En este sentido, J. G. Ballard, uno de los autores de ciencia-ficción más originales, escribió Crash (1973) como un homenaje a la perversión tecnológica. Esta novela, concebida en los años setenta, incide en la obsesión por los accidentes de automóvil. El tablero de mandos, el volante, el freno de mano, se convierten en fetiches, en un objeto de deseo sadomasoquista. Aquí el orgasmo únicamente es posible mediante el accidente, fusión de la carne y el automóvil en una herida mortal. Heridas que se erigen como «las claves de una nueva sexualidad, nacida de una tecnología perversa»,11 en un icono mucho más sórdido de lo que habían imaginado los vanguardistas.
La ciudad es cada vez más el escenario de las miserias y las perversiones humanas. Incluso un arte íntimamente ligado a ella, como el cine, esgrime esta crítica. De este modo, sea cual sea el escenario urbano, el resultado es una sensación de déjà vu de que vivimos en un mundo moribundo, a veces simbolizado por el humo que brota de las fábricas o de los automóviles, el anónimo estruendo que expande el frenesí callejero, la irremediable soledad de quien fluye entre la multitud.
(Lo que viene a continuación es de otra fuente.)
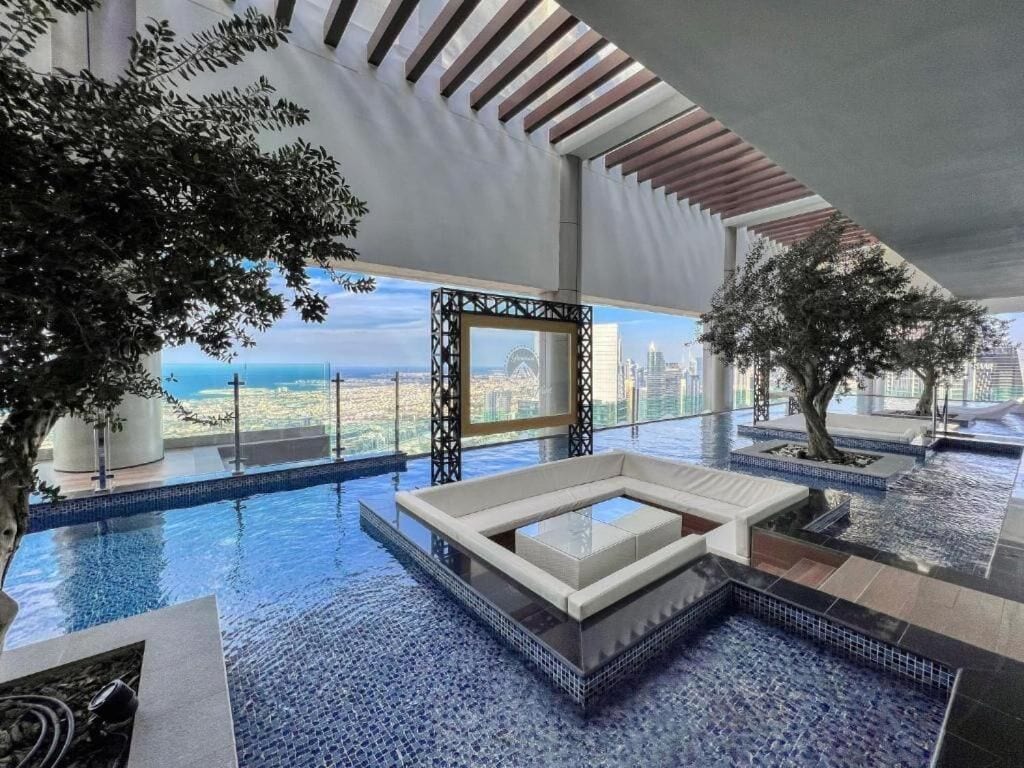 An indoor infinity pool with a view of a city skyline, a seating area, and a large tree.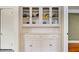 Built-in glass door storage cabinet with drawers at 1420 Elizabeth Ln, East Point, GA 30344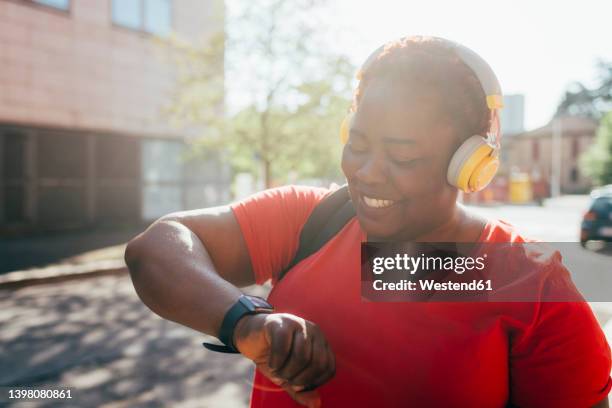 happy woman listening music checking time on smart watch - 48 hours stock-fotos und bilder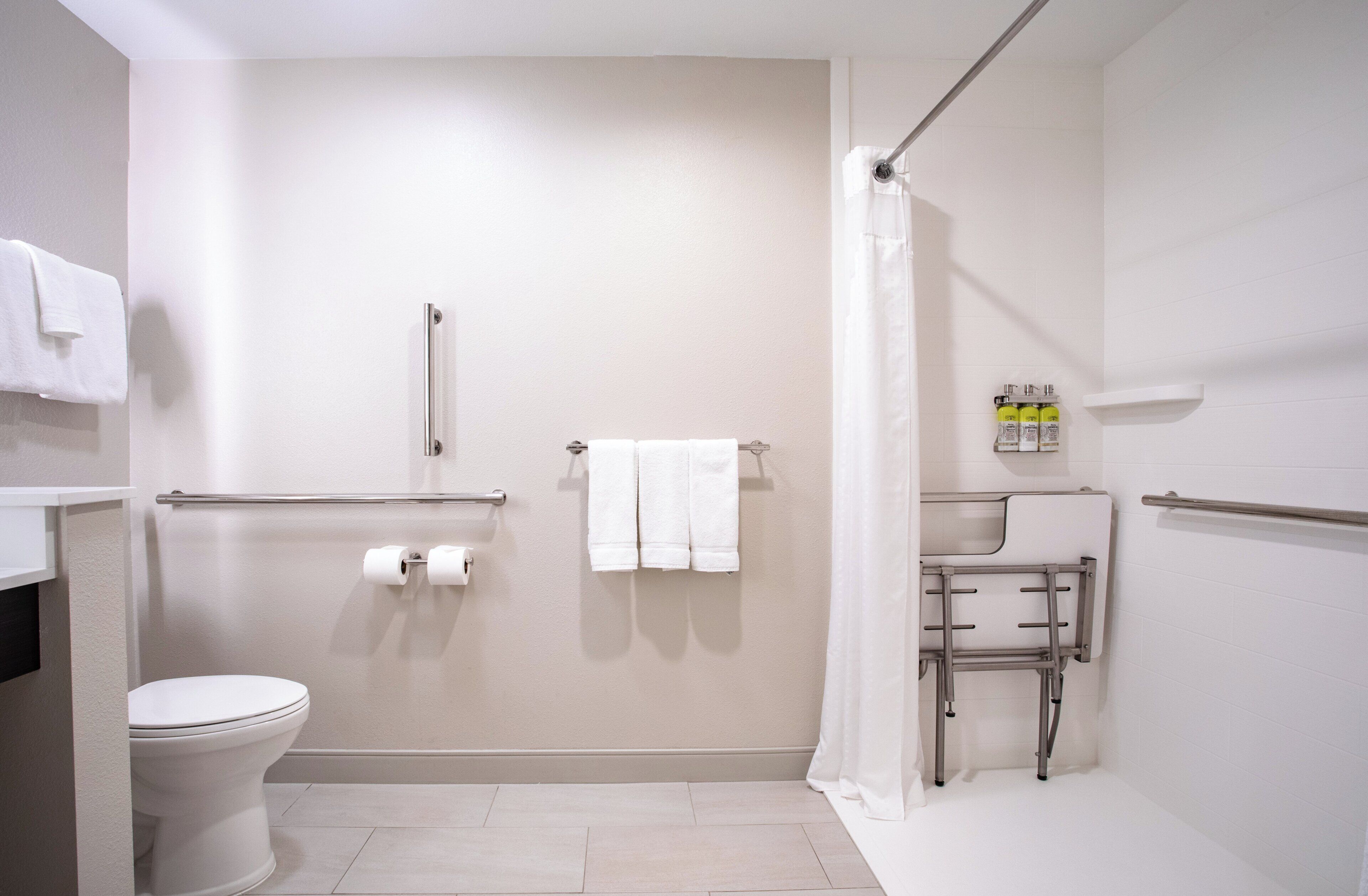 A bathroom with a toilet, a shower with a grab bar, a sink with a mirror, and a towel rack.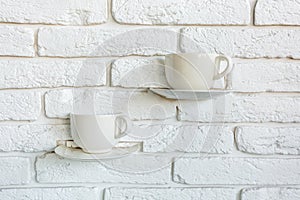 Coffee cups as lamp decorations on a white brick wall in modern loft cafe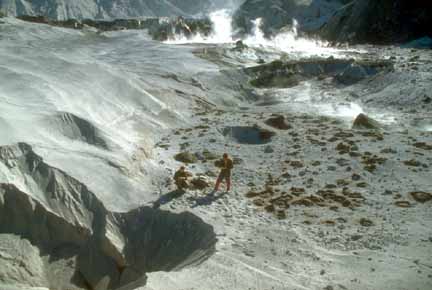 Photograph of pyroclastic-flow deposits with geologist in middle ground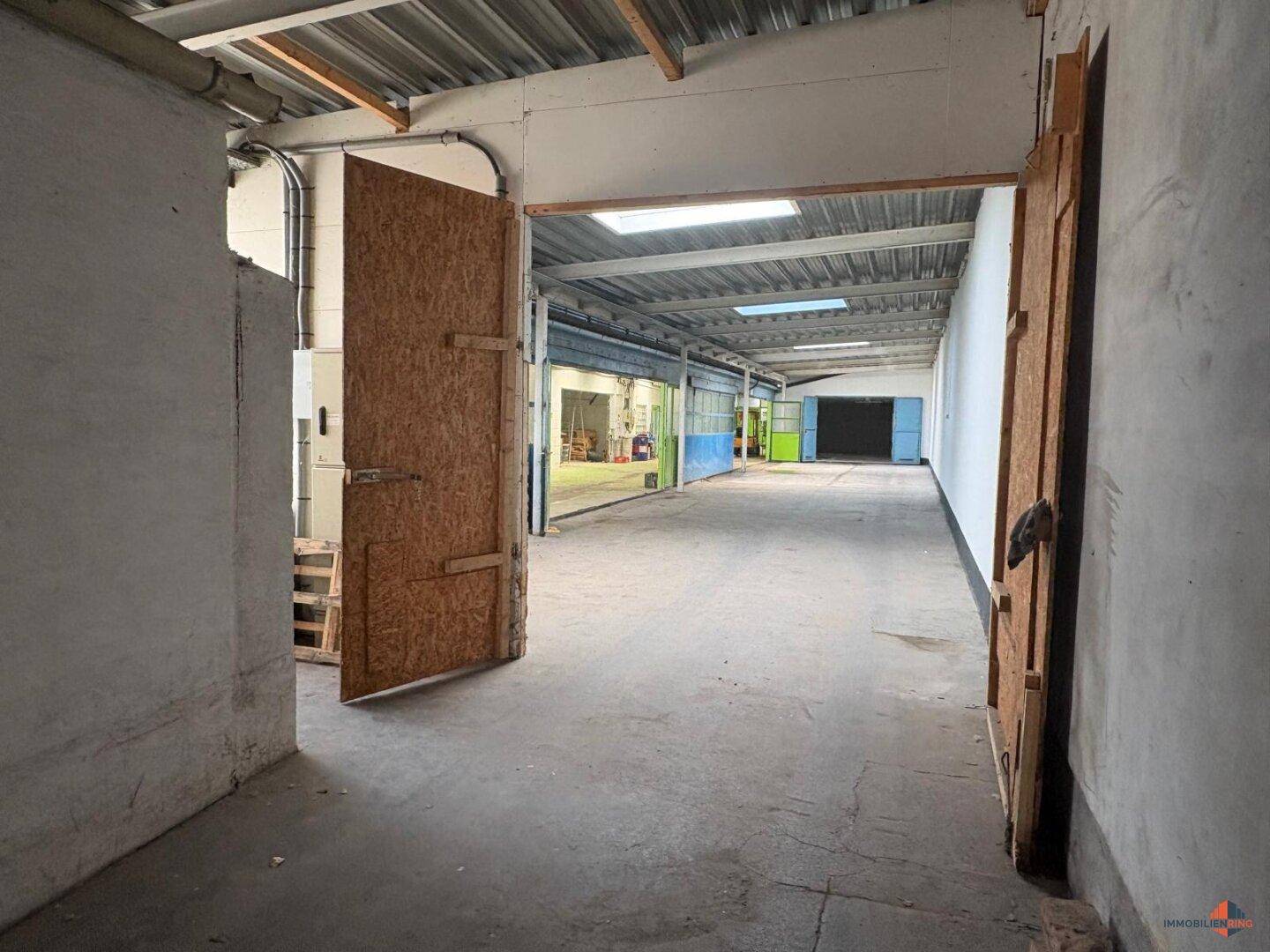 Geräumige Lagerhalle mit Betonboden und großen Holztüren, die zu weiteren Bereichen führen.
La paradoja reside en que las grandes avenidas de Haussmann, que habían sido diseñadas para «limpiar» la ciudad, son hoy el símbolo de una degradación universal: la que evoca hoy cualquier paseo urbano.



NOTAS
1 Catalana radicada en Lima. Siguió estudios de literatura en su
ciudad natal.
2 Sennett, Richard. Carne y piedra. El cuerpo y la ciudad en la
civilización occidental. Madrid: Alianza, 1997, p. 346.
3 Citado en Walter Benjamin, Iluminaciones II. Poesía y
capitalismo. Madrid: Taurus, 1999, pp. 73-74.
4 De Certeau, Michel. La invención de lo cotidiano. México:
Universidad Iberoamericana, 1996, p. 107.
5 Baudelaire, Charles. El pintor de la vida moderna. Bogotá: El
Áncora editores, 1995, p. 44
6 Benjamin, Walter. «Sobre algunos temas en Baudelaire». En
Iluminaciones II. Poesía y capitalismo, ob. cit., pp. 121-170.
7 Citado en Marshall Berman, Todo lo sólido se desvanece en el
aire. México: Siglo XXI, 1998, p. 4.
8 Baudelaire, Charles. «A una paseante». En Las flores del mal
(trad. de Antonio Martínez Sarrión). Madrid: Alianza, 2000, p.
138.
9 Sennett, Richard. El declive del hombre público. Barcelona:
Península, 1974, p. 265.
10 Poe, Edgar Allan. «El hombre de la multitud». En Cuentos/I.
Madrid: Alianza, 1975, p. 247.
11 Ballard, J. G. Crash. Buenos Aires: Minotauro, 1984, p. 22.